Interior a marchar por todas as cores

Ao falarmos de jovens queer no interior do país sabemos que neste espaço o anonimato é escasso, existindo apenas nas grandes cidades, tal como a existência de organizações e apoios LGBT+. O anonimato é sinónimo de liberdade para muitos de nós, jovens que naquelas que são as nossas casas ainda não podemos nem ser nem existir na nossa plenitude.
Plataforma Já Marchavas

Para além de vivermos num sistema patriarcal, este é ainda alimentado por uma heterossexualidade compulsória que, segundo Adrienne Rich, pode ser considerado enquanto um sistema político que domina e retira poder às mulheres e comunidade LGBTQIAP+, subalternizando os seus corpos. Esta teoria estuda a forma como a heterossexualidade é normalizada em todos os ambientes e espaços da sociedade, assim como os fatores que influenciam isso mesmo.1 Em comunidades e espaços mais pequenos tende a sentir-se um maior conservadorismo nos costumes, isto devido a uma população mais envelhecida e uma maior presença da religião.

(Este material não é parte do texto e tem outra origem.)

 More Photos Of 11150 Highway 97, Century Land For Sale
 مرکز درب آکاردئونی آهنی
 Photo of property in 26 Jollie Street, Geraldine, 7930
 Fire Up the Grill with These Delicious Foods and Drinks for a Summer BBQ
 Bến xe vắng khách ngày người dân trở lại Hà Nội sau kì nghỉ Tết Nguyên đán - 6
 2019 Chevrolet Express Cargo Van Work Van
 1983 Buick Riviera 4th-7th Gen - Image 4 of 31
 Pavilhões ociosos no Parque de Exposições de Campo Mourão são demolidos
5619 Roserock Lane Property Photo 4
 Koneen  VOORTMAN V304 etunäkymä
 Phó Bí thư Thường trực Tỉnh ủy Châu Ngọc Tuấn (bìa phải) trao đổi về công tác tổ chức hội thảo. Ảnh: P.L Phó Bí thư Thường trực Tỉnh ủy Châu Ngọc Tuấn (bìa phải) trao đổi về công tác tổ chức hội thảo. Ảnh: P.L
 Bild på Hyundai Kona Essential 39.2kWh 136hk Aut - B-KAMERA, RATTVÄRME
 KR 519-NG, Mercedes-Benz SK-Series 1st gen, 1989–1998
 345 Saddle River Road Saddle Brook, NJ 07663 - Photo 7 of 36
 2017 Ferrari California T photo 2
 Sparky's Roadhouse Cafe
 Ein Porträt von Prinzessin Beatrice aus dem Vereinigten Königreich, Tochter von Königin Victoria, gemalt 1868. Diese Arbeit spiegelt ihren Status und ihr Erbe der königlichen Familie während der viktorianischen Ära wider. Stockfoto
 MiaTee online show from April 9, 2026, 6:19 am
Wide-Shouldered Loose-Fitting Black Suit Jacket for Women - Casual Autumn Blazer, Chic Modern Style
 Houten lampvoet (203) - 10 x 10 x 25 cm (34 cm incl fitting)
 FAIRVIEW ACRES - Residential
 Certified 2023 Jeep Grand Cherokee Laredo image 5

Ao falarmos de jovens queer no interior do país sabemos que neste espaço o anonimato é escasso, existindo apenas nas grandes cidades, tal como a existência de organizações e apoios LGBT+. O anonimato é sinónimo de liberdade para muitos de nós, jovens que naquelas que são as nossas casas ainda não podemos nem ser nem existir na nossa plenitude. Saímos à procura de mais inclusão, de visibilidade no sentido em que os nossos direitos importam, mais oportunidades, sendo que para isso temos que nos sujeitar a viver duas vidas separadas e sair daquilo que é a terra que nos viu crescer. Os movimentos sociais e plataformas que tem vindo a ser criadas no interior procuram trazer essa mesma visibilidade sobre as questões LGBTQIAP+ nestes espaços, reivindicando também direitos e políticas públicas que tragam consigo uma mudança positiva na sociedade que quebre o conservadorismo ainda existente. A partir destes movimentos constroem-se as marchas que a partir de maio começam a ter lugar em vários pontos do país, sendo que estas têm vindo a crescer em cidades do interior. Exemplo disto é de como em poucos meses cresceu na Covilhã um movimento cujo nome é “Covilhã a Marchar” que tem como propósito realizar a 1ª Marcha LGBTQIAP+ já este sábado, dia 4.

Muitos nos perguntam o porquê de ainda sairmos à rua para marchar, a nossa resposta é simples, a homofobia e o medo que esta provoca ainda se faz sentir. Como é que podemos falar da liberdade que Abril nos trouxe se esta é apenas para alguns? A visibilidade e a reivindicação têm que ter lugar no espaço público, pois a nossa existência é um ato político por si só. É importante continuar a lutar pois ainda somos alvo de violência física e psicológica, em muitos dos casos por parte da família que nos rejeita. O panorama político mudou, com a existência de partidos com uma agenda que ameaça a nossa sobrevivência. Reivindicamos um SNS onde todes sejam tidos em conta e vistos como gente e tenham direito ao acesso aos cuidados, não negamos o real acesso à saúde de pessoas trans e não binárias. Aqui importa a formação adequada de profissionais de saúde, de modo a garantir que somos tratadas com o respeito que nos é merecido. O nosso amor, a nossa sexualidade não precisa de “terapias de conversão”, e por isso mesmo exigimos a sua criminalização.

Entramos este mês naquele que é o mês do Orgulho LGBTQIAP+. Seria importante que as autarquias, principalmente aquelas que ainda não o tenham feito, atuassem naquele que é o desejado Plano Municipal LGBTQIAP+, mas que este não se fique apenas por Assembleias Municipais ou reuniões de gabinete, que seja verdadeiramente implementado.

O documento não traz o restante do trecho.